═══ Exercise materials ═══
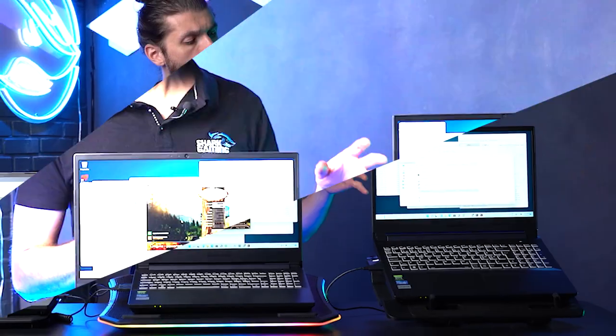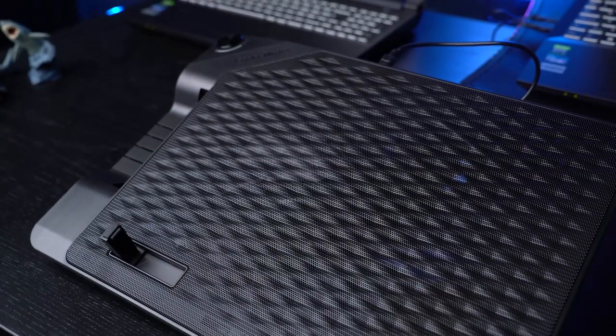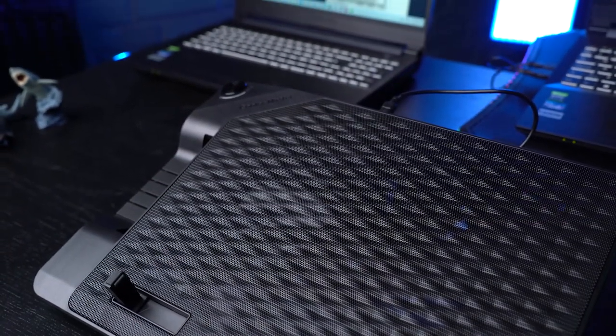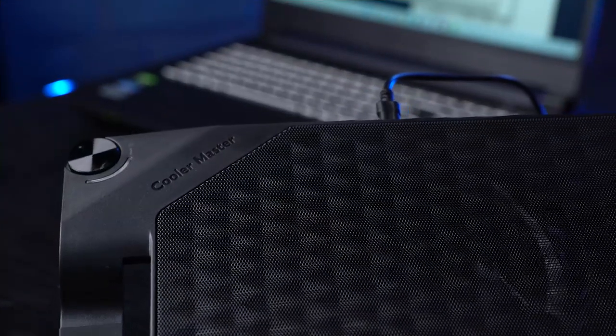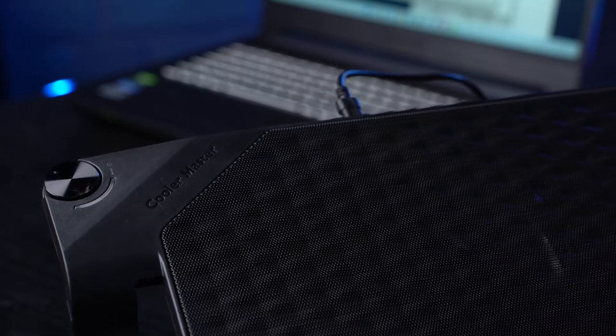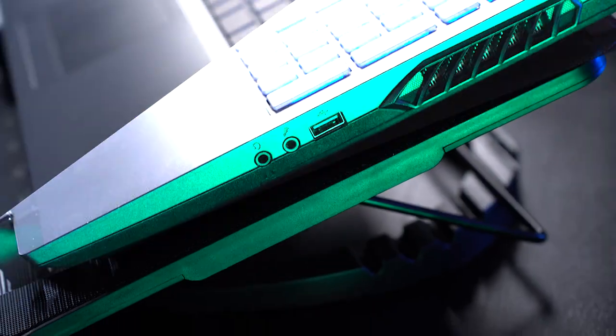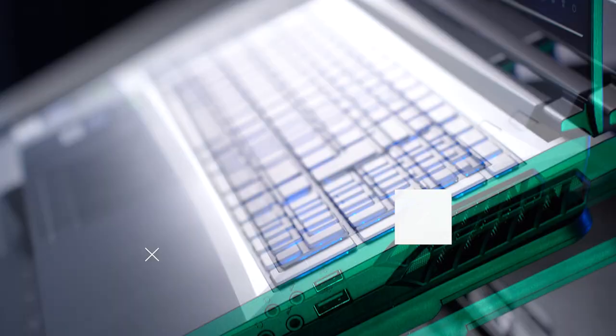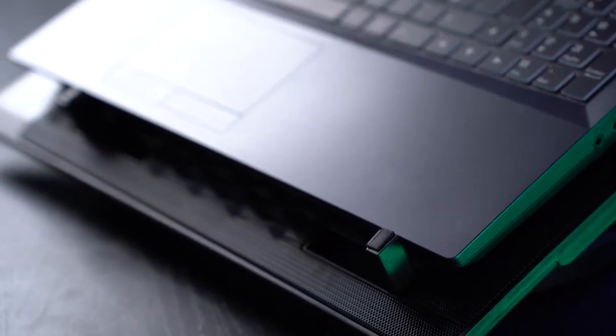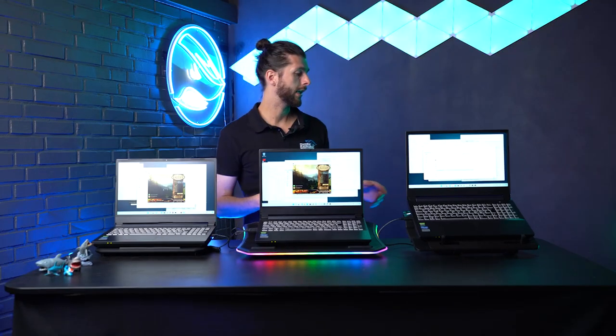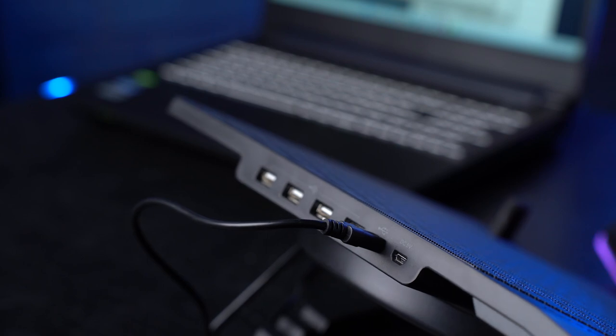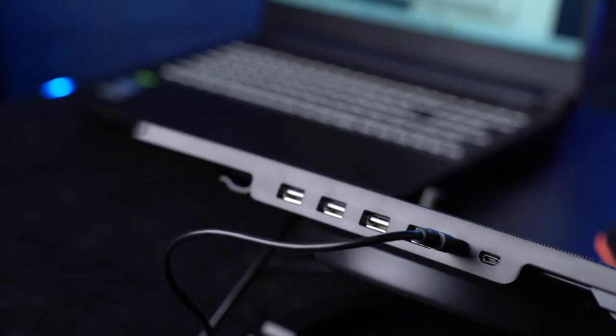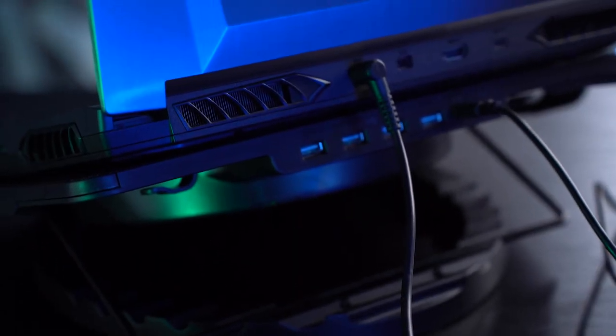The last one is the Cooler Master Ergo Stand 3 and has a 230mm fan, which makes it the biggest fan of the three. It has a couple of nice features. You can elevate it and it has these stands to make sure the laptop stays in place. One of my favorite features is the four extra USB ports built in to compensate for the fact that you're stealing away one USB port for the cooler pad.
═══
═══ Exercise materials ═══
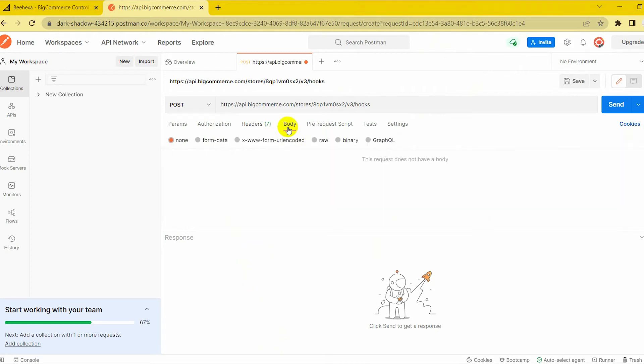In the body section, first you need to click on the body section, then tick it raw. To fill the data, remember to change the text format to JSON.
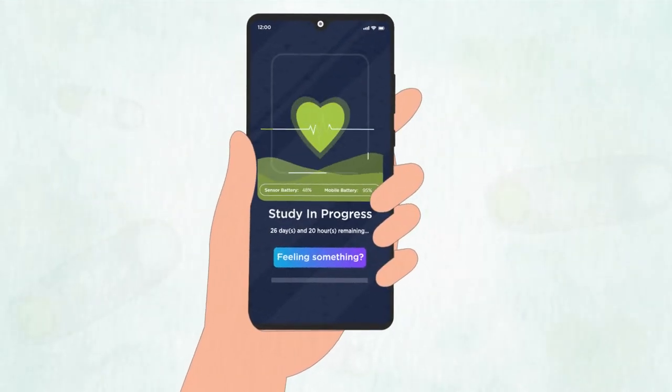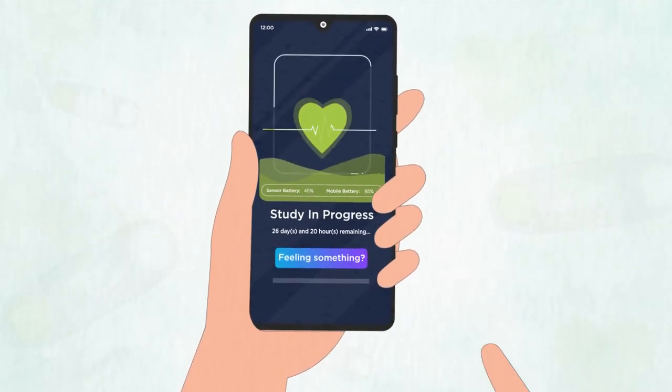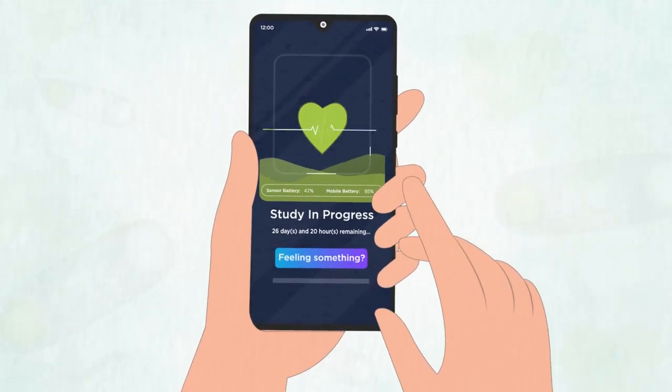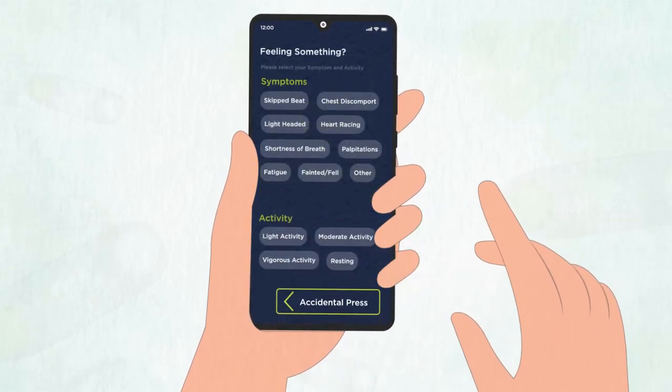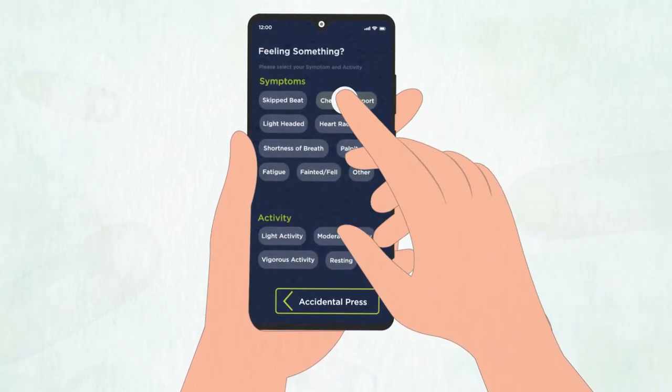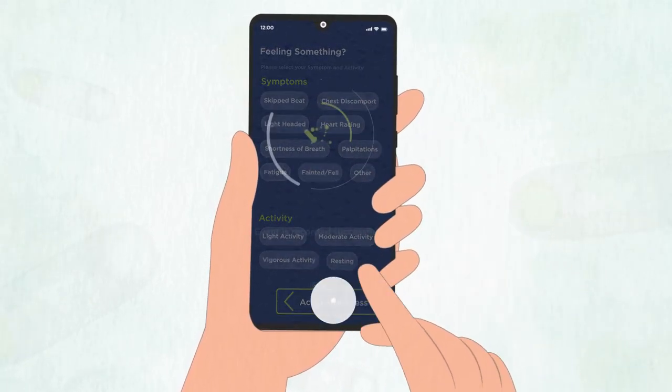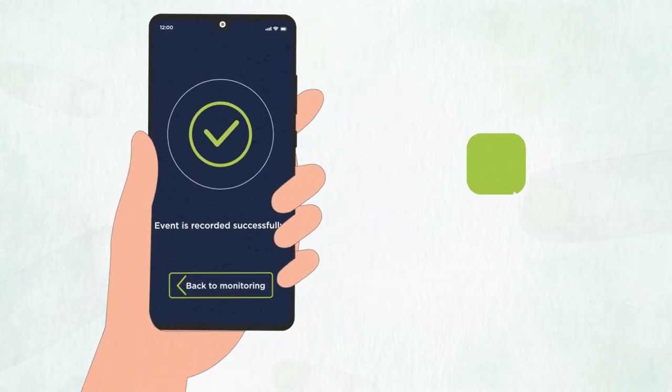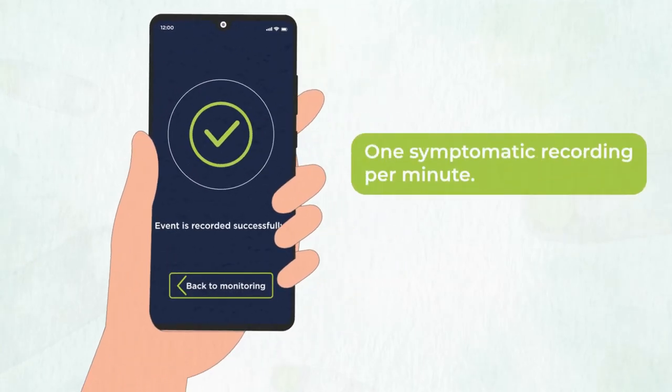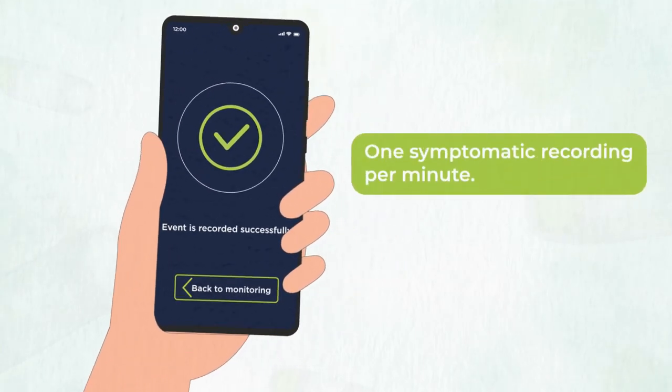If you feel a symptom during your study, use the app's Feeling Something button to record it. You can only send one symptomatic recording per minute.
═══
═══ Exercise materials ═══
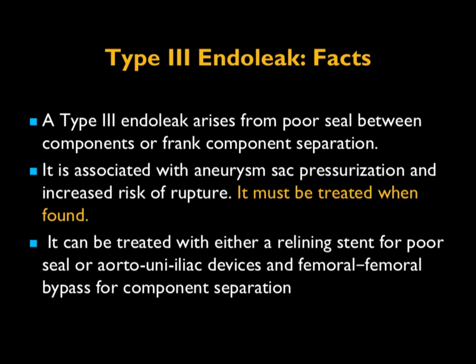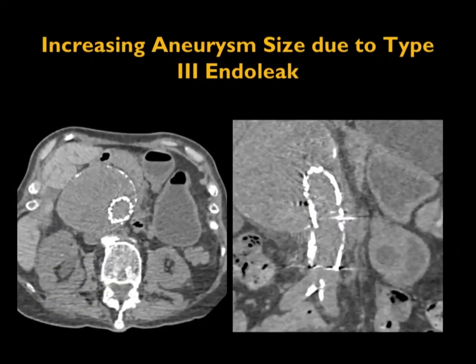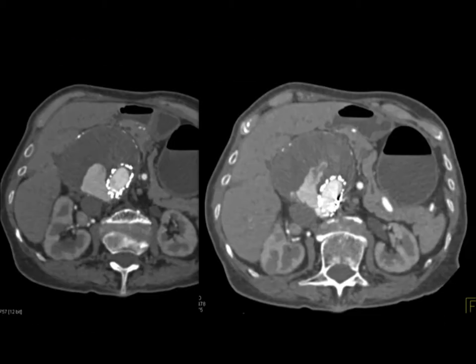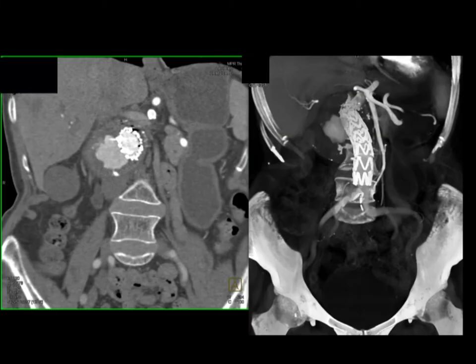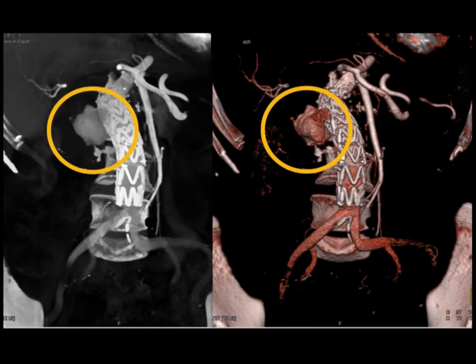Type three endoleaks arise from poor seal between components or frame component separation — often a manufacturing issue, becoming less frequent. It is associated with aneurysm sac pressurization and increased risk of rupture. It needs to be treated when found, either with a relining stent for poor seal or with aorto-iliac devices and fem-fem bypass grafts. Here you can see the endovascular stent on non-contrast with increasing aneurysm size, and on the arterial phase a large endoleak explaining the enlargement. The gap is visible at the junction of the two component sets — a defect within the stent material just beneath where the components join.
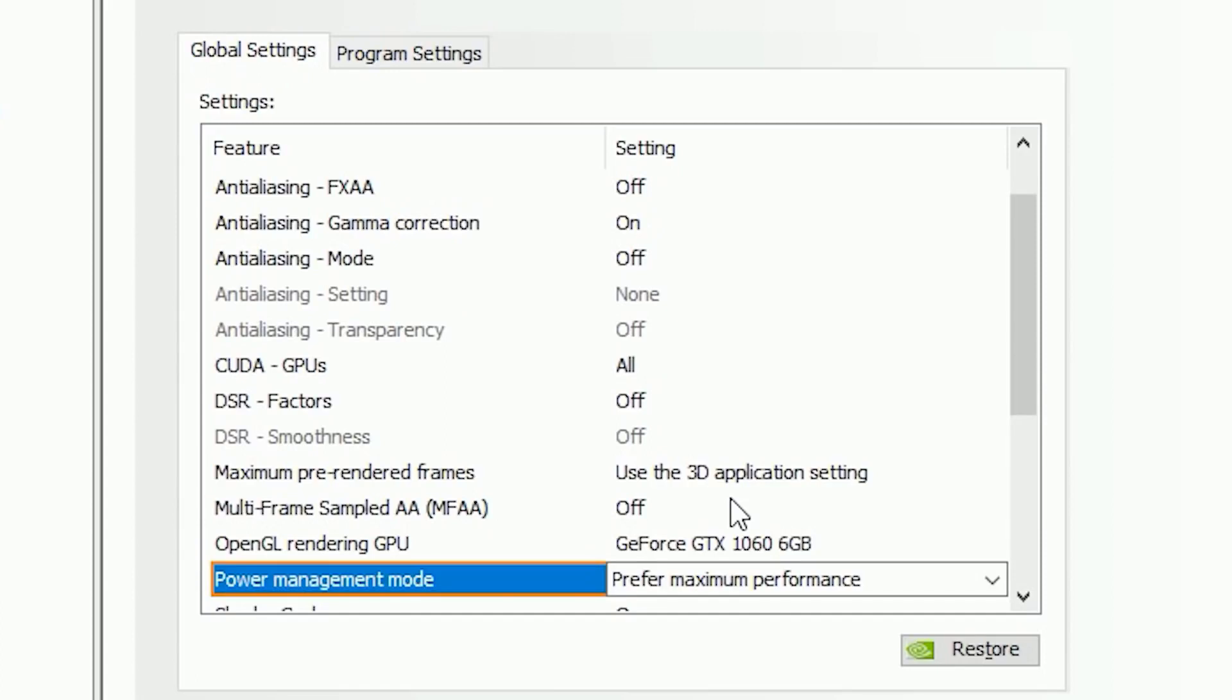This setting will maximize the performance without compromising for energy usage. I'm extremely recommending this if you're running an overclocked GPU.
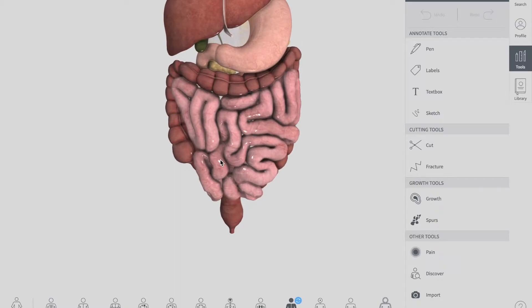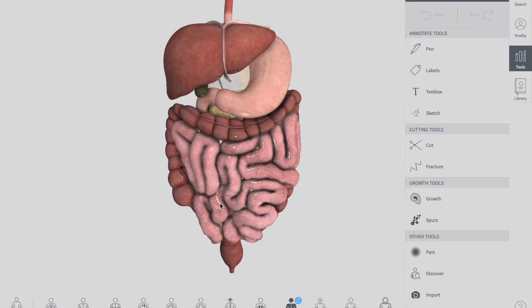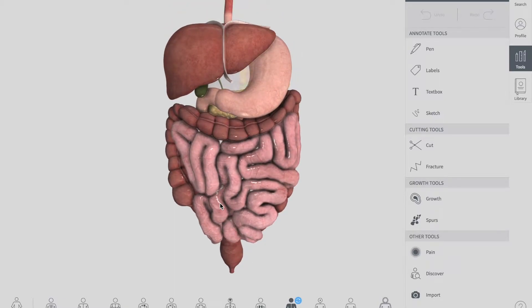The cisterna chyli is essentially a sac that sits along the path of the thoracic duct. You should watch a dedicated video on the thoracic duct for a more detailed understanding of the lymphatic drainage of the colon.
═══
Activity:
Take the material above from the line containing "This setting will" up to and including the line containing "The cisterna chyli" and retype it exactly, without any pictures.

Response:
This setting will maximize the performance without compromising for energy usage. I'm extremely recommending this if you're running an overclocked GPU.
The cisterna chyli is essentially a sac that sits along the path of the thoracic duct. You should watch a dedicated video on the thoracic duct for a more detailed understanding of the lymphatic drainage of the colon.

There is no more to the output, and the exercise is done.